Die "erste Frau in diesem Amt" und "die Jüngste": So kündigte Ägyptens Presse den Auftaktbesuch der Außenministerin an. Deutliche Worte fand Baerbock beim Thema Menschenrechte.
Im November lädt Ägypten die Welt zur UN-Klimakonferenz im ägyptischen Badeort Scharm el-Scheich ein. Beobachter fragen sich: Werden Nichtregierungsorganisationen, zivile Klima-Initiativen und Menschenrechtler willkommen sein? Wird eine Greta Thunberg in der Nähe des Konferenzortes demonstrieren können? Ein Weltereignis kann kritische Presse bedeuten, die dunkle Ecken beleuchtet - wäre Ägypten bereit, dies zu tolerieren?

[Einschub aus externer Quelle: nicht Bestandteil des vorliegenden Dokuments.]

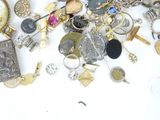 a pile of assorted jewelry on a white surface
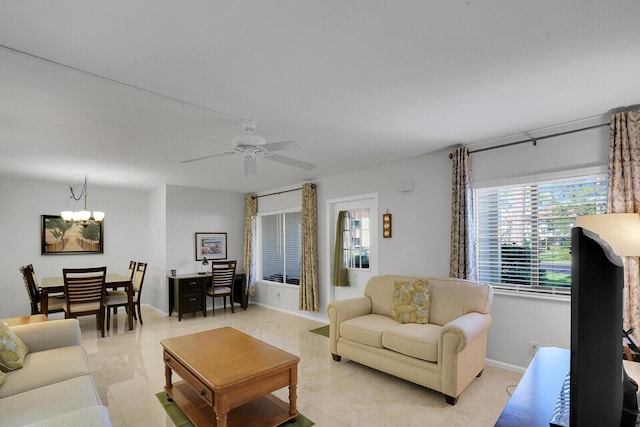 living room with ceiling fan with notable chandelier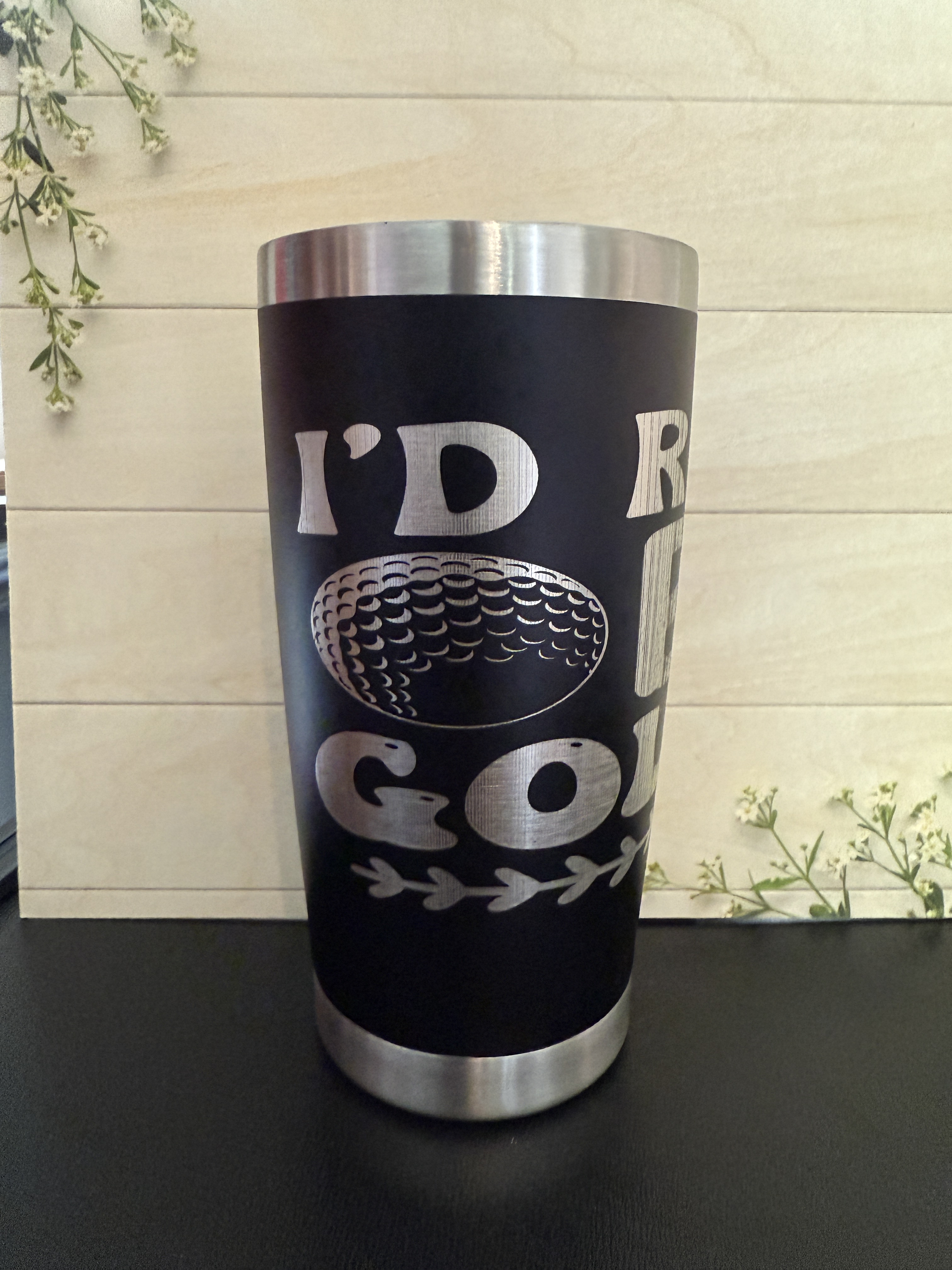 The silver and dark-walnut wood pendent photo-manipulation image contains light tones. The subject differs from the backro...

Immer wieder blickt Annalena Baerbock freundlich und zugewandt ihren ägyptischen Amtskollegen Samih Schukri an, als sie erklärt, wie gutes Klima und Menschenrechte zusammenhingen. Und dass eine erfolgreiche Klimakonferenz eben auch von einer starken Zivilgesellschaft abhänge: "Gerade junge Menschen überall auf der Welt fordern von uns doch, den Planeten bewohnbar zu machen".

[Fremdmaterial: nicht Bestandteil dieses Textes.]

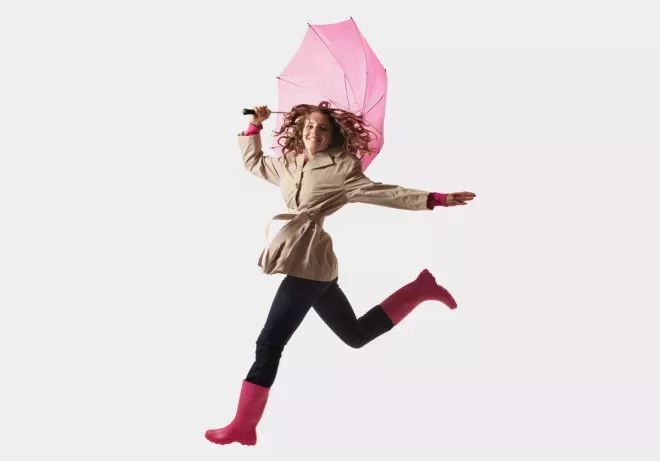 Frau springt mit einem Regenschirm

"Herzensanliegen" einer deutschen Außenministerin
Neue Töne in Kairo: Menschen- und Frauenrechte als "Herzensanliegen" einer deutschen Außenministerin, die authentisch auftritt und nicht mit selbstkritischen Nebensätzen spart:
lächelt Baerbock.
In einem Land, in dem nach eigenen Studien neun von zehn Frauen sexuelle Gewalt erfahren haben, erinnert Baerbock daran: Nur wo eine Frau sicher sei, seien alle Mitglieder einer Gesellschaft sicher. Damit spricht sie genau jene Themen an, bei denen Ägyptens Menschenrechtlerinnen sich Halt und Hilfe aus dem Westen - und aus Deutschland - erhoffen.

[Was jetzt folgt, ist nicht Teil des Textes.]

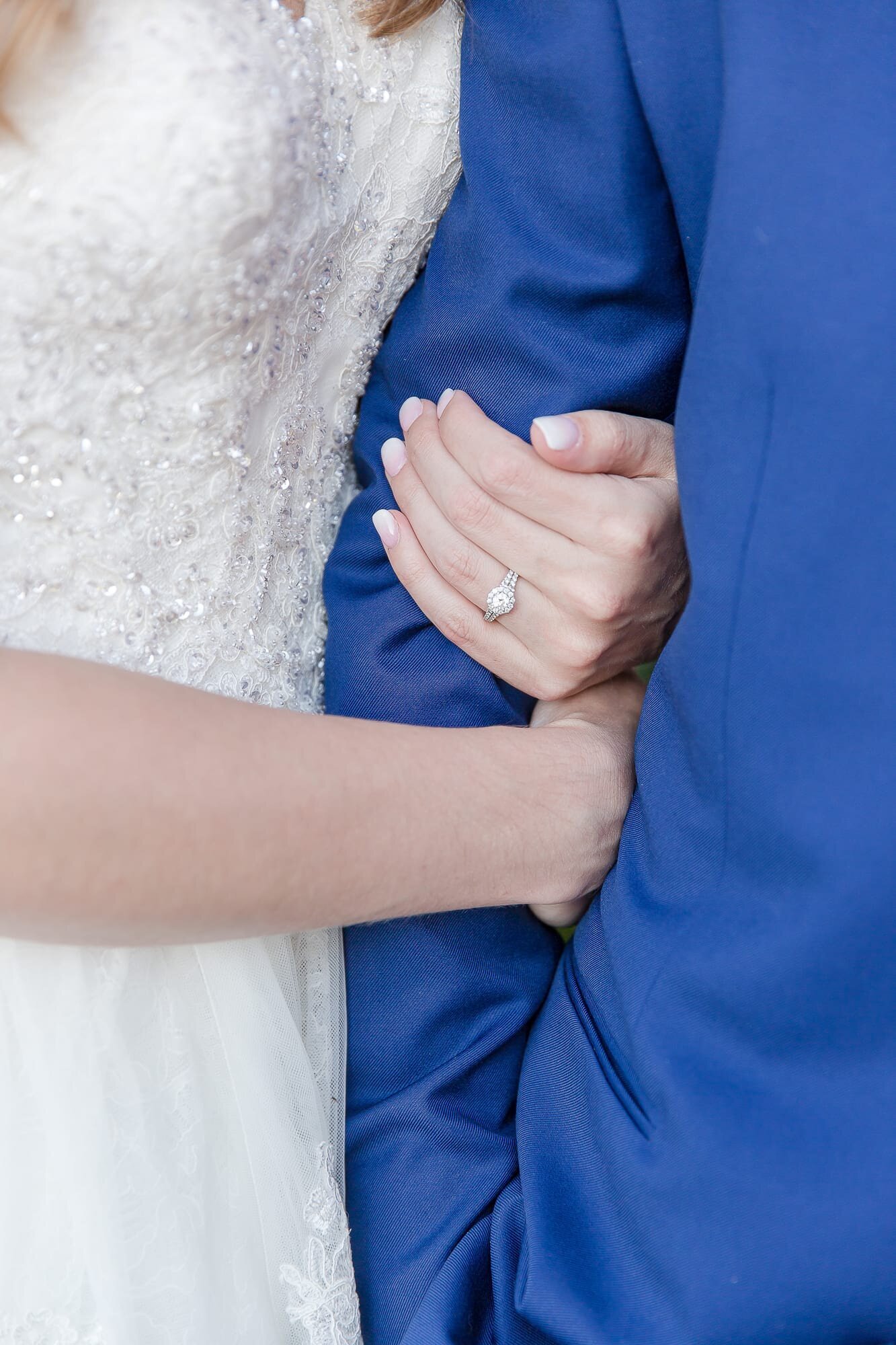 bride-holding-grooms-arm-with-blue-suit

Frauenrechtlerin wollen Anstoß für Veränderungen
Azza Soleiman - eine Anwältin, die Missbrauchsopfer verteidigt und dafür mehrfach verhaftet wird - wünscht sich, dass der Besuch aus Deutschland etwas anstößt im Land: "Ich denke, Frau Baerbock sollte ihre Gespräche damit beginnen, über Ägyptens Selbstverpflichtungen zu reden. Unser Präsident Abdel Fattah al-Sisi hat eine Menschenrechtsstrategie verkündet. Ich als Bürgerin muss wissen: Wie wird sie umgesetzt? Ich brauche einen Plan. Wie wird das realisiert, bitte schön? Wie kann die Gesellschaft, wie können Frauenrechtsorganisationen hierzulande diese Strategie umsetzen helfen?"
Im September hatte Ägypten den Versuch gestartet, das Menschenrechtsimage des Landes zu verbessern: eine nationale Strategie, mit einer Liste von Zielen, die in den nächsten fünf Jahren erreicht werden sollen. Von Sisi als "Meilenstein" gefeiert, wurde das Dokument von Menschenrechtsanwälten als reines "Ablenkungsmanöver" bewertet.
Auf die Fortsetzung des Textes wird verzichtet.